HTTPXRay is a powerful desktop crawler designed to reveal the full structure of websites and web applications. Using a high-performance HTTPX engine, the crawler maps every discovered URL, asset, and reference within HTML documents and stores the results in a structured SQLite database.
Think of HTTPXRay as a structural X-ray for the web.
Instead of downloading files or mirroring sites, the spider catalogs relationships between pages, scripts, images, forms, and external resources. The result is a complete structural map that can be explored, exported, and analyzed.
HTTPXRay is ideal for researchers, analysts, engineers, developers, and OSINT investigators who need deep visibility into how websites are structured.

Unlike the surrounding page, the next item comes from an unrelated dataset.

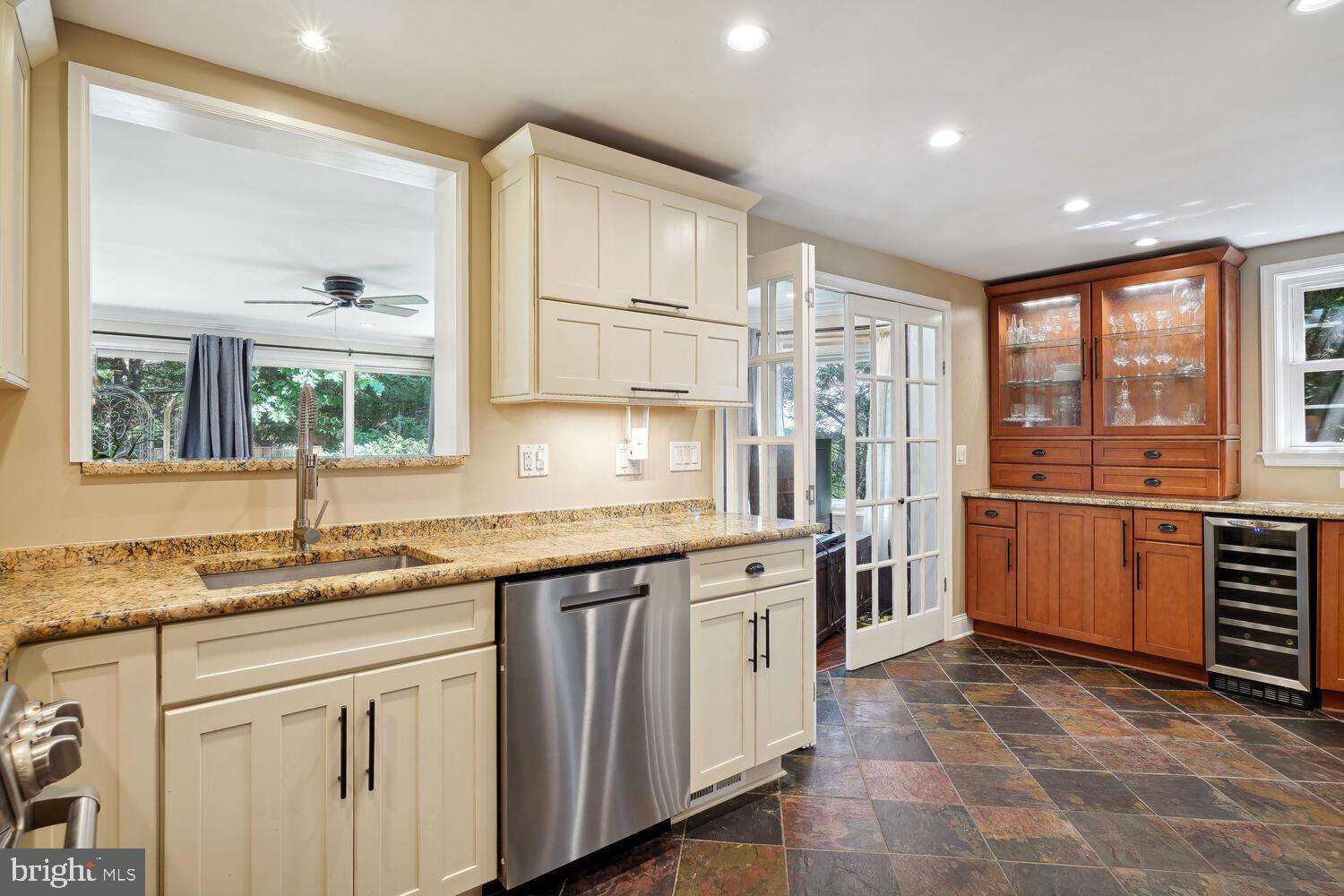 Real estate listing preview #4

The crawler extracts links from common HTML structures including:
a[href] link[href] script[src] img[src] iframe[src] video[src] audio[src] source[src] form[action]
Every discovered resource is cataloged including pages, images, scripts, stylesheets, downloadable files, and external dependencies.
HTTPXRay is written in Python and powered by the high-performance HTTPX networking library.
The crawler uses a queue-driven spider architecture that recursively processes discovered links while preventing duplication through normalized URL indexing.
pip install httpx beautifulsoup4 reportlab
python httpxray.py
pip install pyinstaller pyinstaller --onefile --noconsole httpxray.py
HTTPXRay stores crawl results in a SQLite database, making it easy to analyze or process discovered resources using external tools.